** Directions **
Output all of the records word for word and drop the images.

(The data begins)

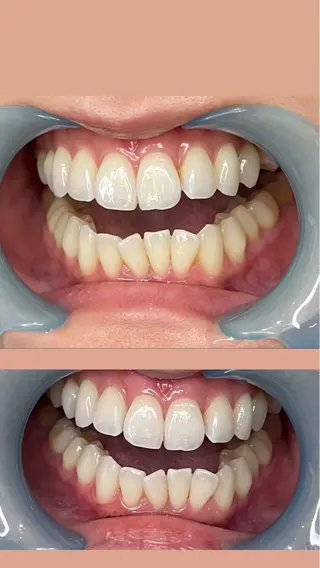 LAVISH nail salonのネイルデザイン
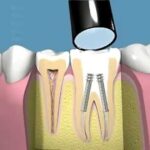 Imparare dagli Errori: La Massima che Valorizza l’Esperienza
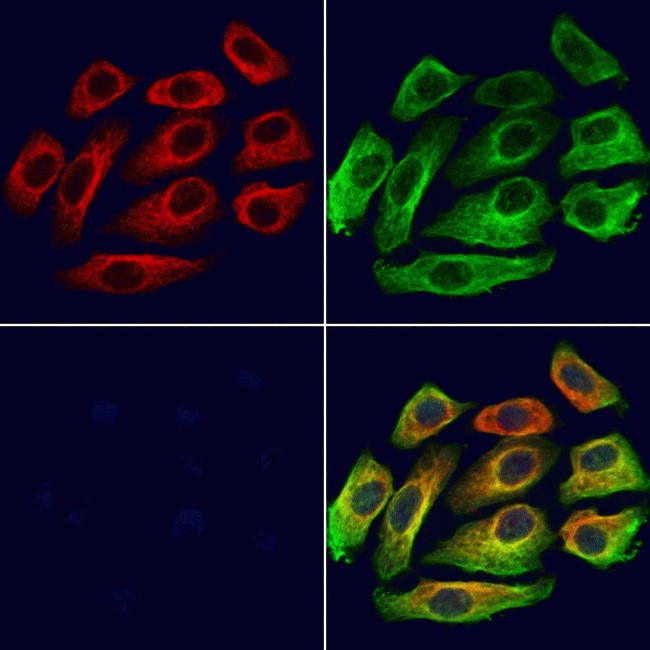 KIFC3 Antibody in Immunocytochemistry (ICC/IF)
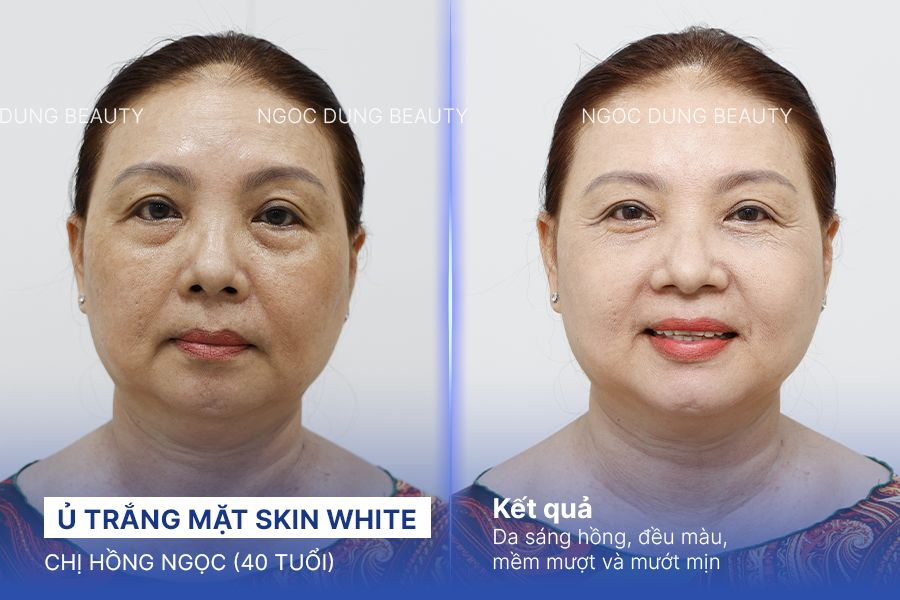 Ủ trắng mặt skin white – 5 buổi – Da khỏe đẹp ẩm mịn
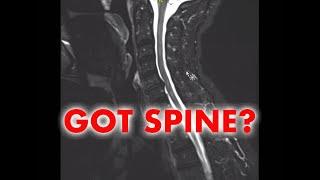 Understand Your Scan: Multiple Sclerosis MRI Cervical Spine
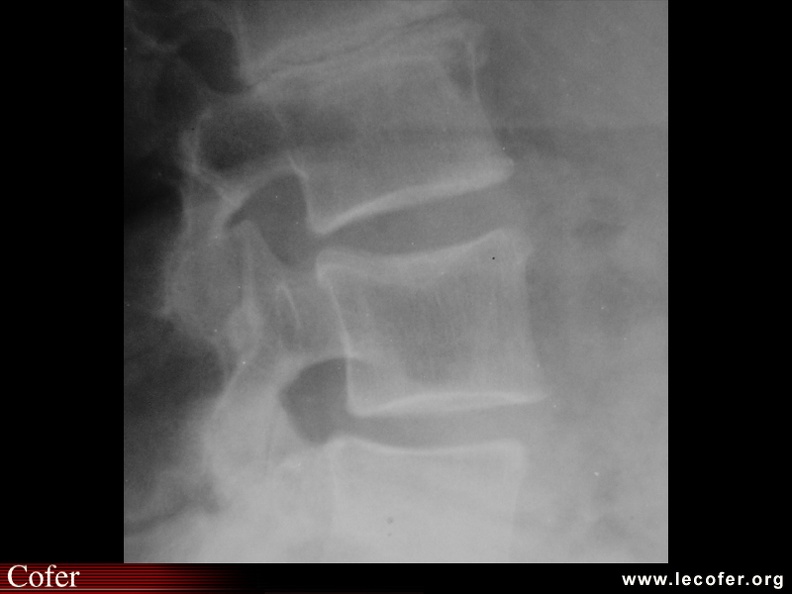 Fracture vertébrale de grade 1 du rachis lombaire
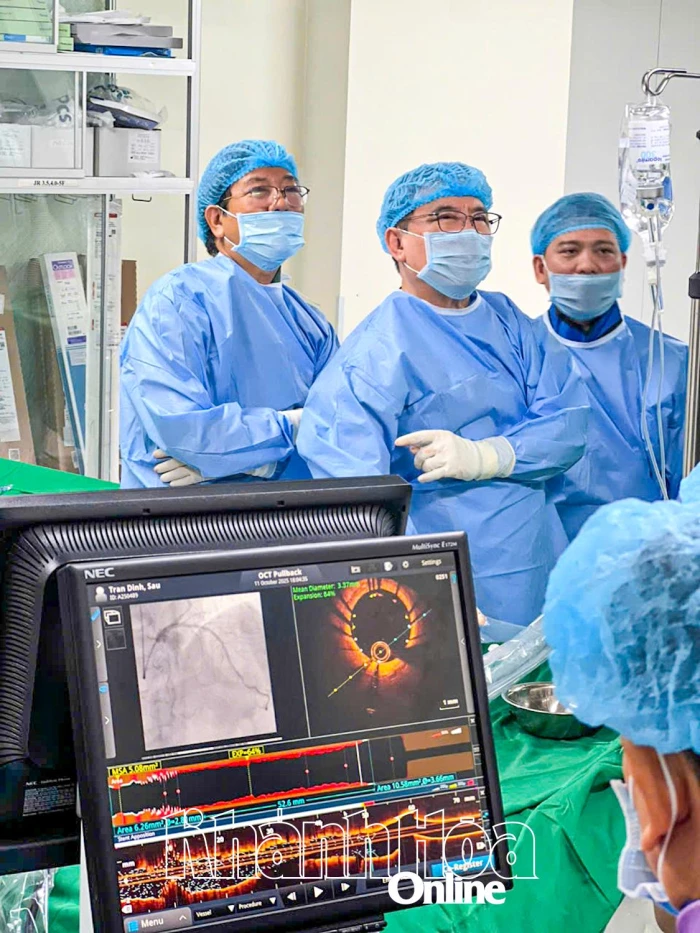 Ứng dụng OCT chẩn đoán, điều trị bệnh tim mạch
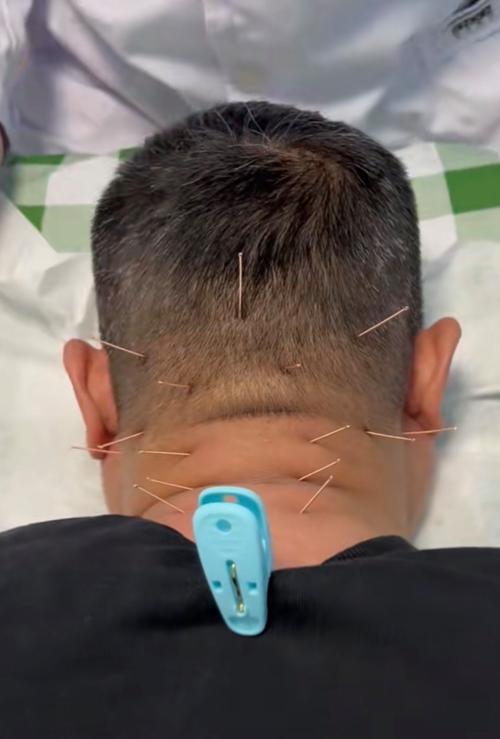 颈椎病针灸治疗进展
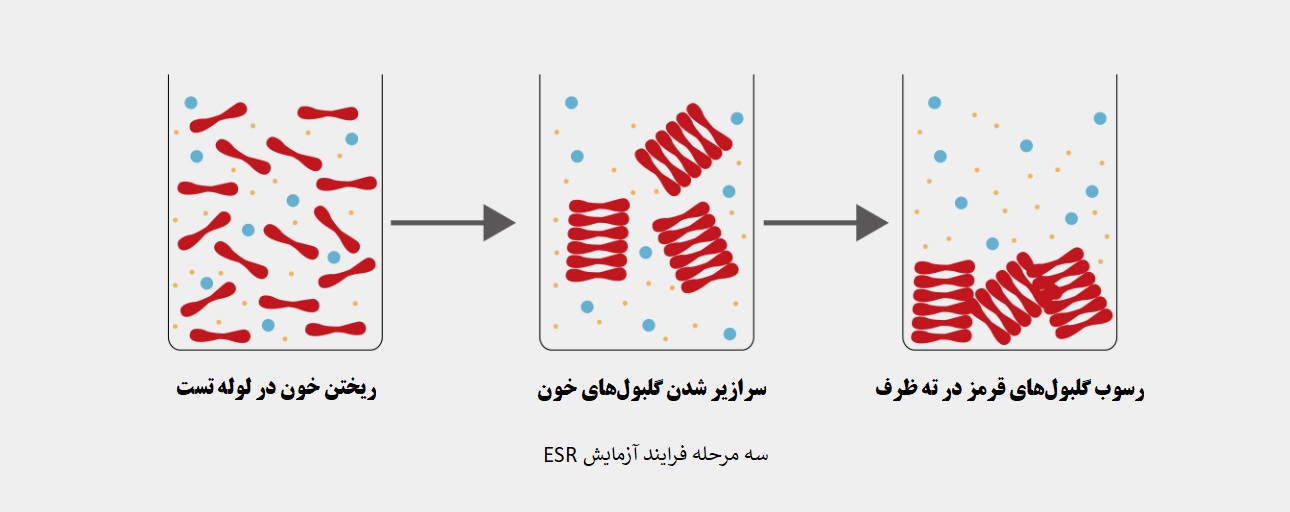 رسوب گلبول های قرمز خون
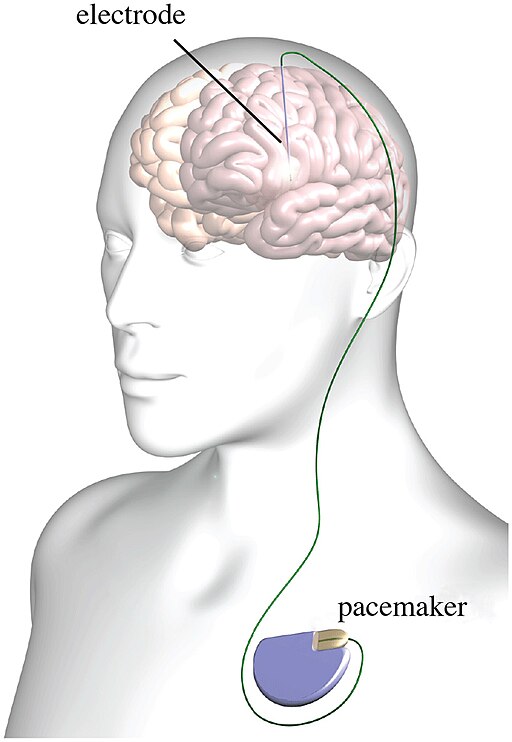 تحریک عمقی مغز (dbs)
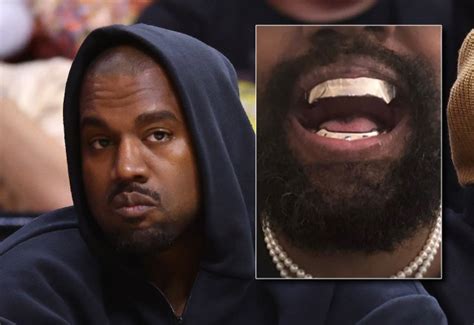 Kanye West Rep Confirms He Has Permanent Titanium Teeth
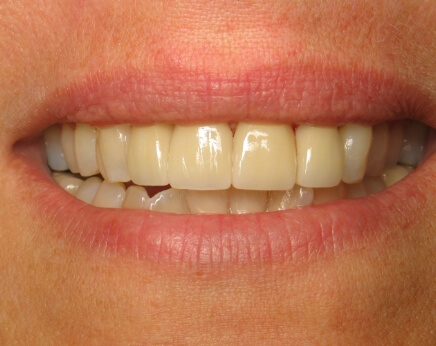 Flawless smile after dental treatment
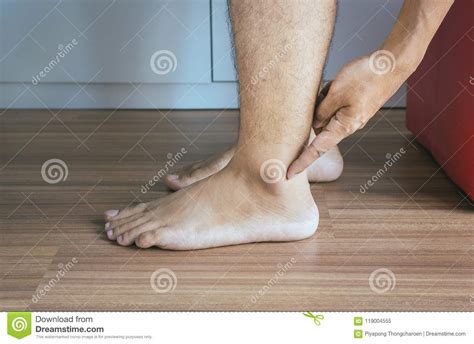 Man Dry Skin Or Pigmentation On Feet With Ankleboneclose Upskin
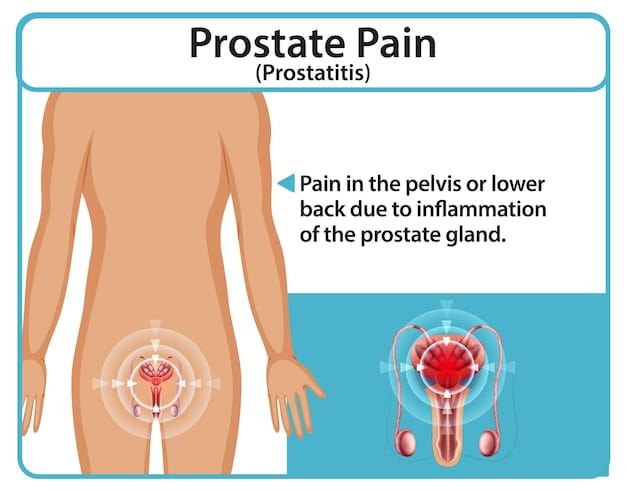 A diagram illustrating the male pelvic region, clearly showing the location of the prostate gland in relation to the bladder, rectum, and urethra. The image is labeled with anatomical terms, highlighting the prostate's role in urinary and reproductive functions and emphasizing 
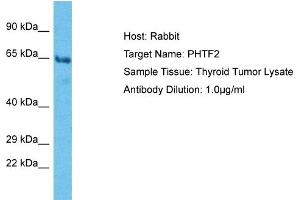 Host: Rabbit Target Name: PHTF2 Sample Type: Thyroid tumor lysates Antibody Dilution: 1. (PHTF2 抗体  (C-Term))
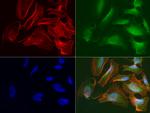 RRM1 Antibody in Immunocytochemistry (ICC/IF)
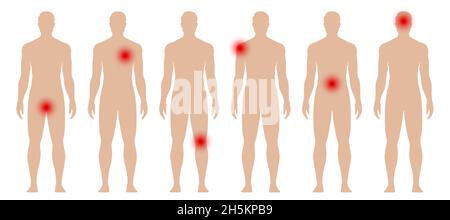 Mann Silhouette mit roten Punkten in verschiedenen Körperteilen. Medizinische Vektordarstellung: Schmerzen und Schmerzen. Stock Vektor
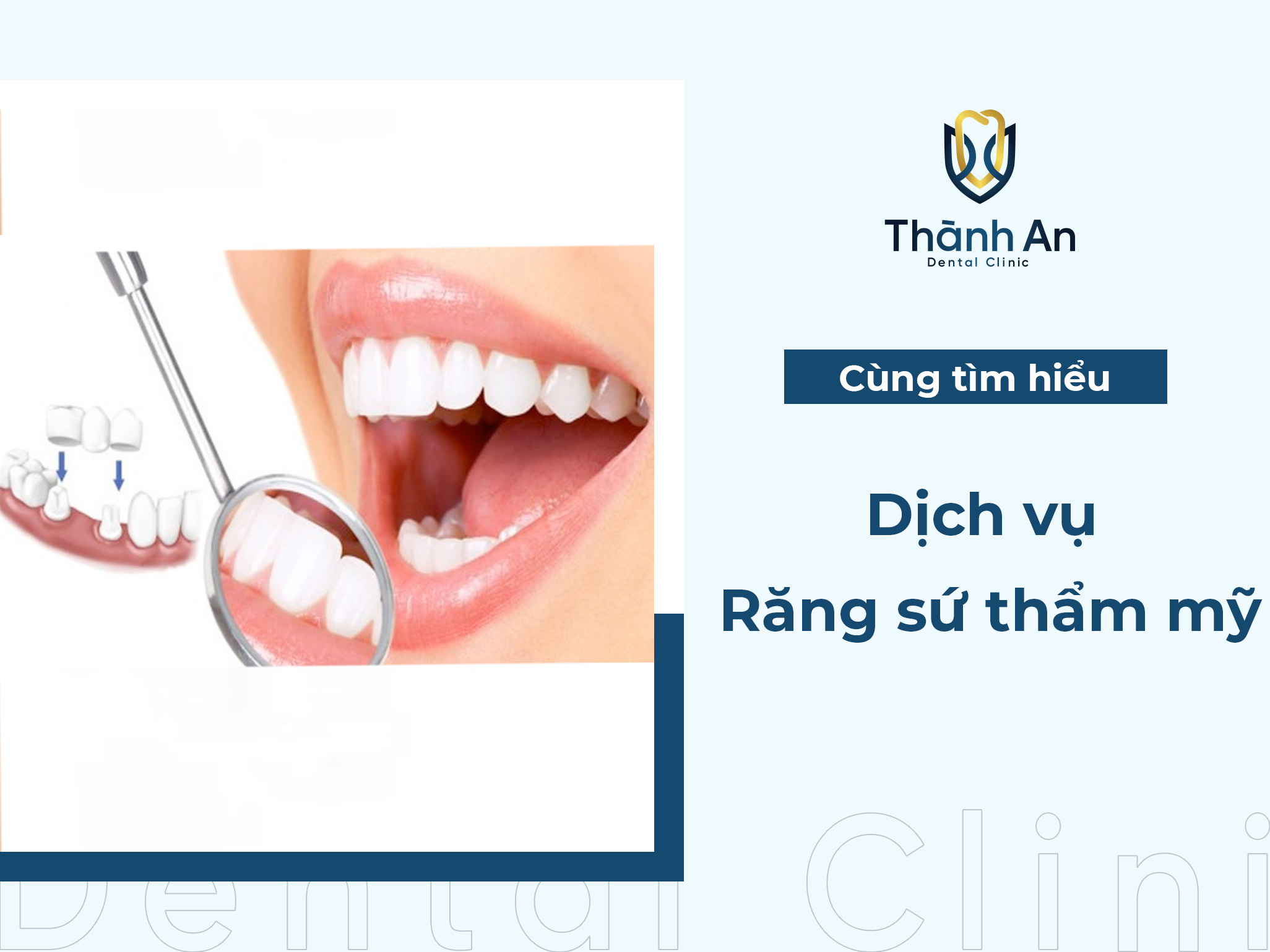 Răng sứ thẩm mỹ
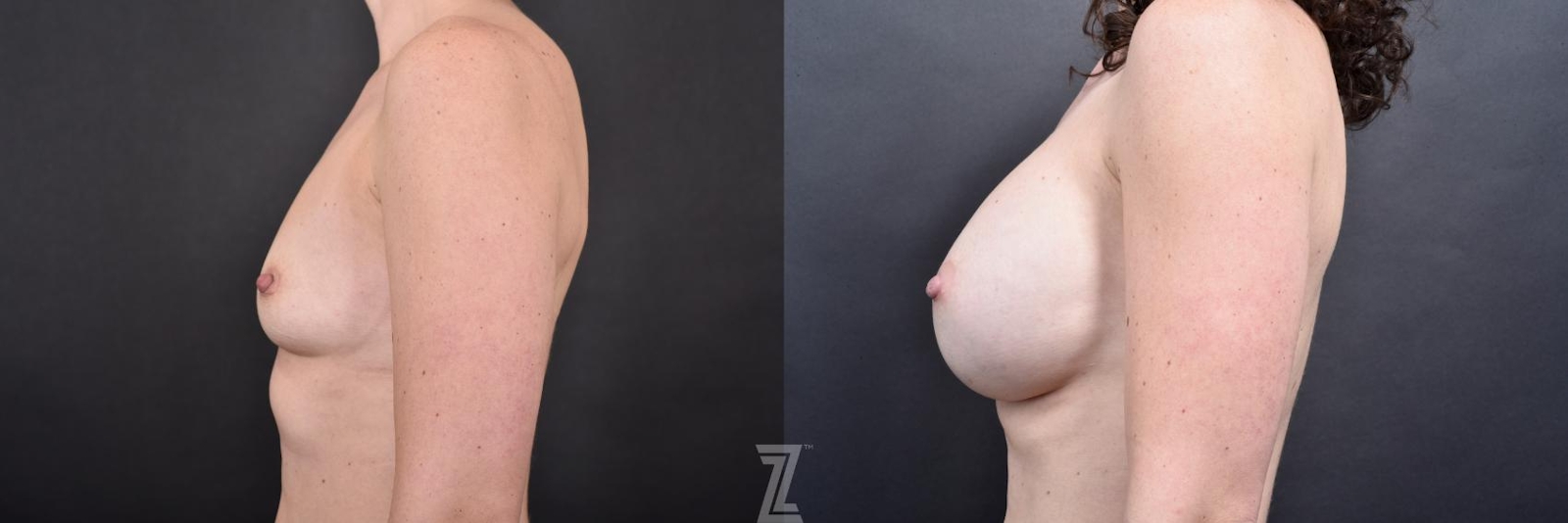 Austin Lateral view before & after images of 34 year old woman with Silicone Implants with Cohesive Silicone Gel - Dr. Rocco Piazza - The Piazza Center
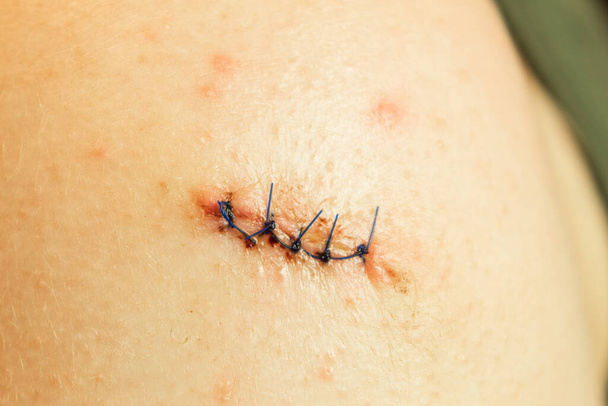 Stitched wound and medical suture, close-up. Medical sutures after operations, sewn surgical sutures on the human body. Medical and surgical care - Fotografie, Obrázek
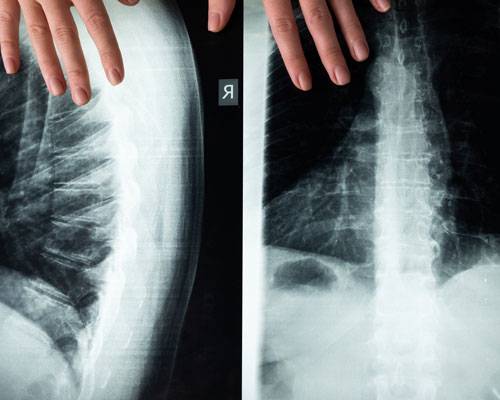 innovazione-chirurgia-vertebrale-navigazione-intraoperatoria-ricostruzione-3d immagine dell'articolo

(The data ends)

** Answer section **
 LAVISH nail salonのネイルデザイン
 Imparare dagli Errori: La Massima che Valorizza l’Esperienza
 KIFC3 Antibody in Immunocytochemistry (ICC/IF)
 Ủ trắng mặt skin white – 5 buổi – Da khỏe đẹp ẩm mịn
 Understand Your Scan: Multiple Sclerosis MRI Cervical Spine
 Fracture vertébrale de grade 1 du rachis lombaire
 Ứng dụng OCT chẩn đoán, điều trị bệnh tim mạch
 颈椎病针灸治疗进展
 رسوب گلبول های قرمز خون
 تحریک عمقی مغز (dbs)
 Kanye West Rep Confirms He Has Permanent Titanium Teeth
 Flawless smile after dental treatment
 Man Dry Skin Or Pigmentation On Feet With Ankleboneclose Upskin
 A diagram illustrating the male pelvic region, clearly showing the location of the prostate gland in relation to the bladder, rectum, and urethra. The image is labeled with anatomical terms, highlighting the prostate's role in urinary and reproductive functions and emphasizing 
 Host: Rabbit Target Name: PHTF2 Sample Type: Thyroid tumor lysates Antibody Dilution: 1. (PHTF2 抗体  (C-Term))
 RRM1 Antibody in Immunocytochemistry (ICC/IF)
 Mann Silhouette mit roten Punkten in verschiedenen Körperteilen. Medizinische Vektordarstellung: Schmerzen und Schmerzen. Stock Vektor
 Răng sứ thẩm mỹ
 Austin Lateral view before & after images of 34 year old woman with Silicone Implants with Cohesive Silicone Gel - Dr. Rocco Piazza - The Piazza Center
 Stitched wound and medical suture, close-up. Medical sutures after operations, sewn surgical sutures on the human body. Medical and surgical care - Fotografie, Obrázek
 innovazione-chirurgia-vertebrale-navigazione-intraoperatoria-ricostruzione-3d immagine dell'articolo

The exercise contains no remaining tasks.